ZIP: 231
Title: Memo Bundles
Owners: Jack Grigg <jack@electriccoin.co>
Kris Nuttycombe <kris@electriccoin.co>
Daira-Emma Hopwood <daira@electriccoin.co>
Arya Solhi <arya@zfnd.org>
Credits: Sean Bowe
Nate Wilcox
Status: Draft
Category: Consensus / Wallet
Created: 2024-04-26
License: MIT
Discussions-To: <https://github.com/zcash/zips/issues/627>
The key words “MUST”, “MUST NOT”, “SHOULD”, and “MAY” in this document are to be interpreted as described in BCP 14 1 when, and only when, they appear in all capitals.
The term “network upgrade” in this document is to be interpreted as described in ZIP 200. 2
The character § is used when referring to sections of the Zcash Protocol Specification. 3
The terms “Mainnet” and “Testnet” are to be interpreted as described in § 3.12 ‘Mainnet and Testnet’. 4
Currently, the memo sent in a shielded output is limited to at most 512 bytes. This ZIP proposes to allow larger memos, and to enable memo data to be shared between multiple recipients of a transaction.
In Zcash transaction versions v2 to v5 inclusive, each Sapling or Orchard shielded output contains a ciphertext comprised of a 52-byte note plaintext, and a corresponding 512-byte memo field. 5 Recipients can only decrypt the outputs sent to them, and thus can also only observe the memo fields included with the outputs they can decrypt.
The shielded transaction protocol hides the sender(s) (that is, the addresses corresponding to the keys used to spend the input notes) from all of the recipients.

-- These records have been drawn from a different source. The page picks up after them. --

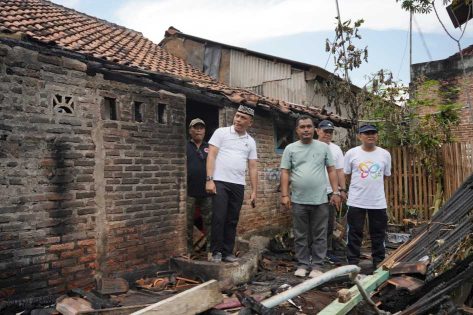 Menghadapi Bencana, Walikota Metro Apresiasi Kepedulian Masyarakat terhadap Bantuan Korban Kebakaran Tejo Agung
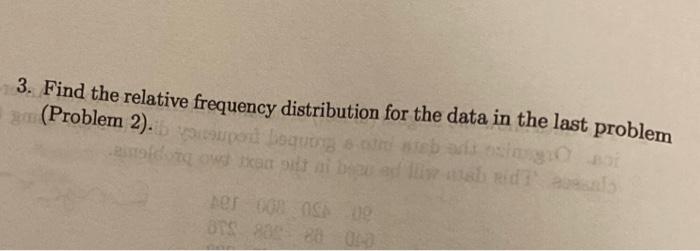 Solved 4. (a) Construct a histogram for the data in | Chegg.com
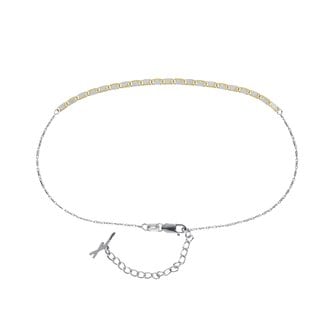 페르테 루마카 옐로화이트 앵클리스 25cm, Lumaca Yellow&White Anklet 25cm, 14k yellow gold, white gold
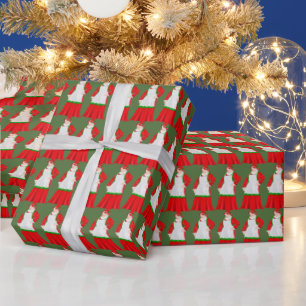 Mrs Claus Holiday wrapping paper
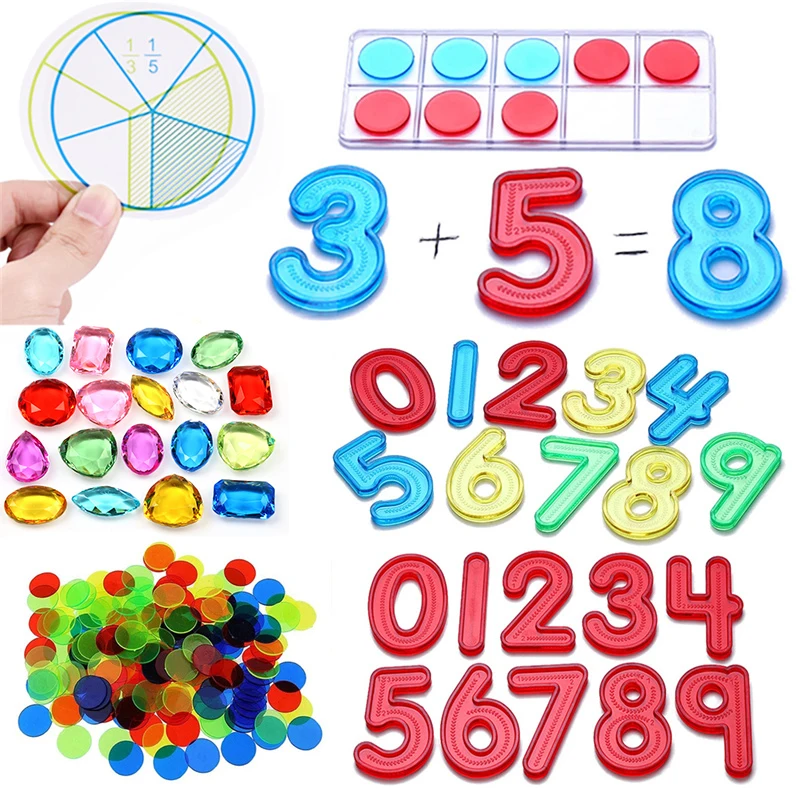 

Montessori Mathematics Teaching Resources Tool Toys For Children'S Montessori Light Table Accessories Translucent Toys 3 Years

For certain kinds of transactions, it is desirable to make one or more sender addresses available to one or more recipients (for example, a reply address). In such circumstances it is important to authenticate the sender addresses, to give the recipient a guarantee that the address is controlled by a sender of the transaction; failure to authenticate this address can enable phishing attacks. These Authenticated Reply Addresses require zero-knowledge proofs, and for the Orchard protocol these proofs are too large to fit into a 512-byte memo field.
It is also desirable, for clients with more stringent bandwidth constraints, to be able to transmit encrypted notes to the client without including the encrypted memo data. In the current light client protocol 6, this is done by truncating the note ciphertext to just the part that encrypts the memo. However, that has the effect of truncating the authentication tag, and so the resulting decryption algorithm does not meet standard security notions for an authenticated encryption scheme. It is a goal of this proposal to rectify this, simplifying the security argument.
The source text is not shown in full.